Kevin Rudd’s latest effort for relevance is a mystifying act of historical revisionism. Writing to Jacobin, the former prime minister has attempted to defend his record on climate change, blaming the Greens for his climate failure.
I have a simple message for Mr Rudd: declaring climate change the “greatest moral challenge of all time” and yet failing to act is as great a sin as denial.
The Greens reached out to Rudd’s Labor Party to improve legislation and remove booby traps that would give giant polluters the chance to get off scot-free. But, as has been extensively reported, Labor decided they didn’t want to work with us because negotiating with, then driving a wedge into, the Liberal Party was a bigger priority for them. So we voted against legislation that would have locked Australia in to dangerous levels of global heating.
Perhaps Rudd is jealous that Julia Gillard accomplished what he could not, bringing together Greens, Labor, and independents to make polluters pay for some of the costs of their pollution. As they crab walk back toward coal, today’s Labor has enlisted Rudd in their latest assault on truth, airbrushing Gillard’s cooperative carbon price out of the picture. With the Greens in a power-sharing agreement with Gillard’s Labor, we introduced world-leading climate legislation.

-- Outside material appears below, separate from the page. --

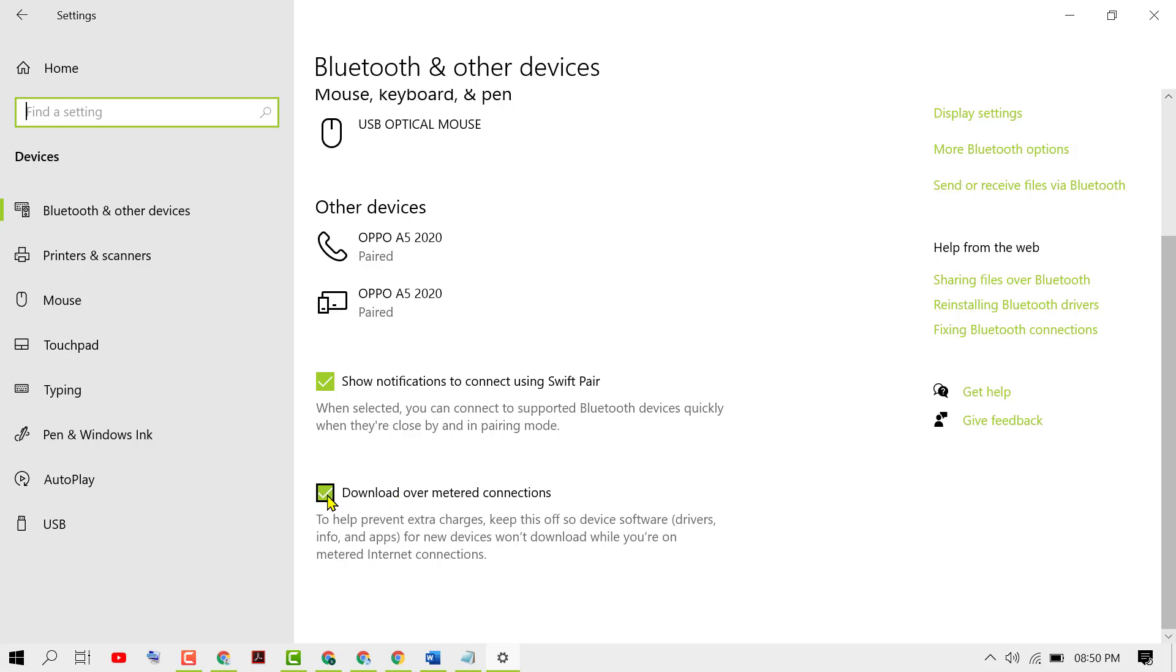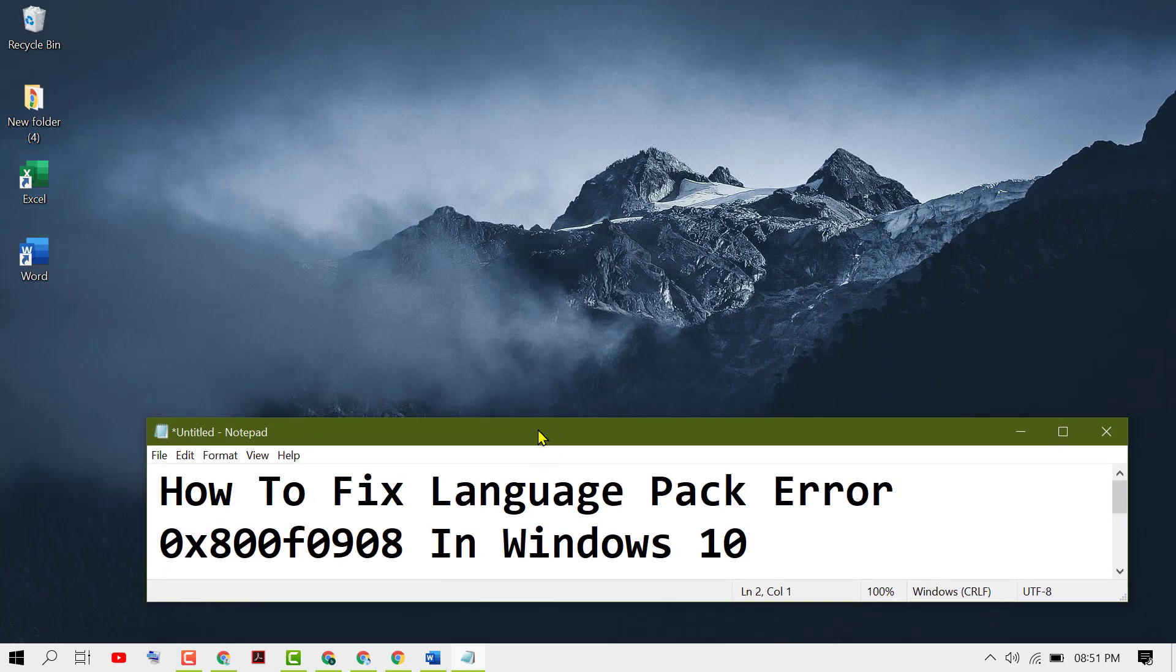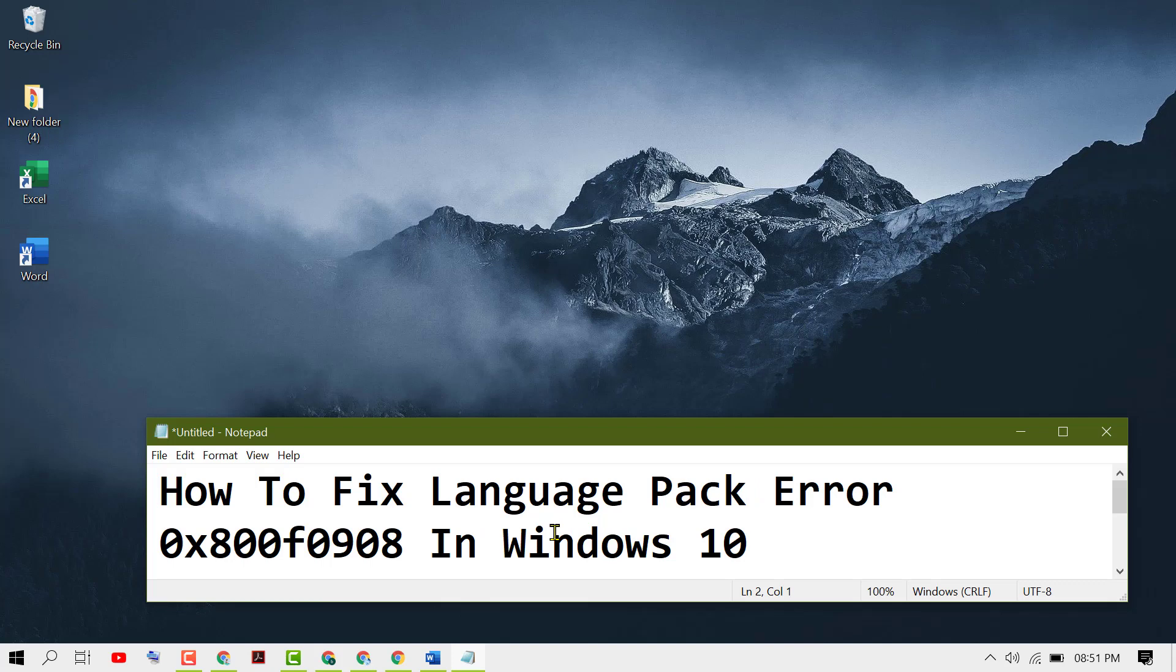Close it and restart your PC. Hopefully, using this simple step, we can fix and resolve this language pack error in Windows 10. Thanks for watching this video. Please comment if this video worked for you or not.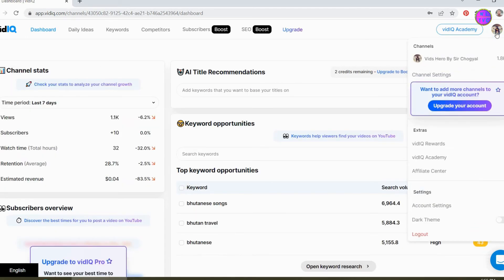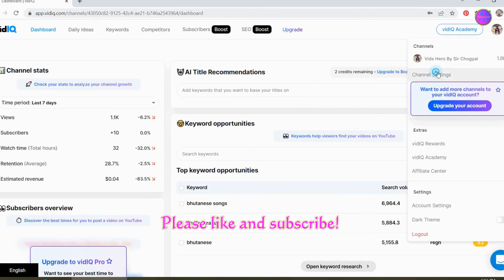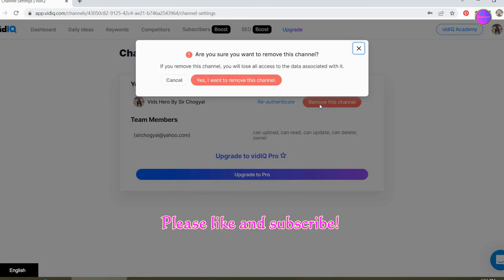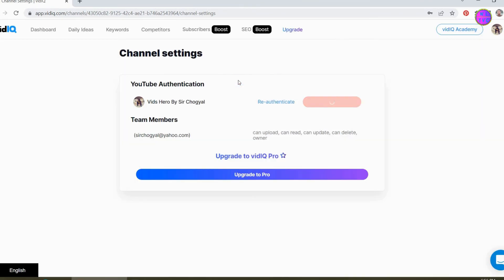Click on your profile picture and go to channel settings. Click on remove this channel, then click on yes, I want to remove this channel.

For the only time in Australia’s modern history, pollution started going down.
Perhaps the ultimate in cant, though, is Labor bemoaning the Rudd scheme defeat but no longer even supporting a pollution tax, despite it being more politically palatable now than ever. If it were reintroduced now, even Labor wouldn’t vote for Rudd’s scheme.
Moving On
If we’re going to get serious about tackling the climate emergency, we can’t keep wasting our time rehashing the policy debates of a decade ago. Instead, we need to confront the reality of the crises we face and take the urgent action required to tackle them.
Right now, across the world, we’re facing an inequality crisis and a climate crisis. Our community bears the brunt of an increasingly unfair system, a system that cuts taxes for the extremely wealthy while leaving others in desperate poverty — a system where some of us are working harder and longer, while others are shockingly underemployed in insecure work. At the same time, we have a climate and ecological crisis that leaves us with a decade to phase out thermal coal and get everything, from our factories and homes to our buses and cars, running on clean, cheap electricity.

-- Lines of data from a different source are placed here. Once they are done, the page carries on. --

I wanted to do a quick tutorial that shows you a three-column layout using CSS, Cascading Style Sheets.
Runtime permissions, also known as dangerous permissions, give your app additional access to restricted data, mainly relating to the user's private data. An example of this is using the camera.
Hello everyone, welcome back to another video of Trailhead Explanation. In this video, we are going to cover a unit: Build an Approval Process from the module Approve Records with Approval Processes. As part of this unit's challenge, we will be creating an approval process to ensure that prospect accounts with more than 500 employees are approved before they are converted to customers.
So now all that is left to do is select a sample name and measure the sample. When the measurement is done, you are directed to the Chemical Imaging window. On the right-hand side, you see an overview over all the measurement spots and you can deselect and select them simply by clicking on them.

These crises are not only threatening our way of life but our lives themselves.
We need to build a society where we care for each other and leave no one behind as we stop the seas from rising and our country from burning.
A price on pollution is still necessary but no longer sufficient. We need government intervention on the scale of the Apollo program. We need a Green New Deal for Australia, a transformative plan to get us out of the overlapping crises of climate emergency and economic inequality.
With a Green New Deal, we can break free from the false dichotomy that we must choose between tackling the climate crisis and delivering better outcomes for workers.
A Green New Deal also recognies historical dispossession and provides justice for First Nations people — which means treaty, voice, and truth-telling — and a leading role for them in this transition.
Taking the urgent action we need to transform our society is an opportunity for equality and justice. This is our chance to shift Australia to a clean, renewable economy while building a more caring and equal society.
Kevin Rudd can keep defending his failure — and sidelining Gillard’s achievements — all he likes. In the meantime, the Greens will keep building power across the community to create a Green New Deal for good jobs, real justice, and the climate action we so desperately need.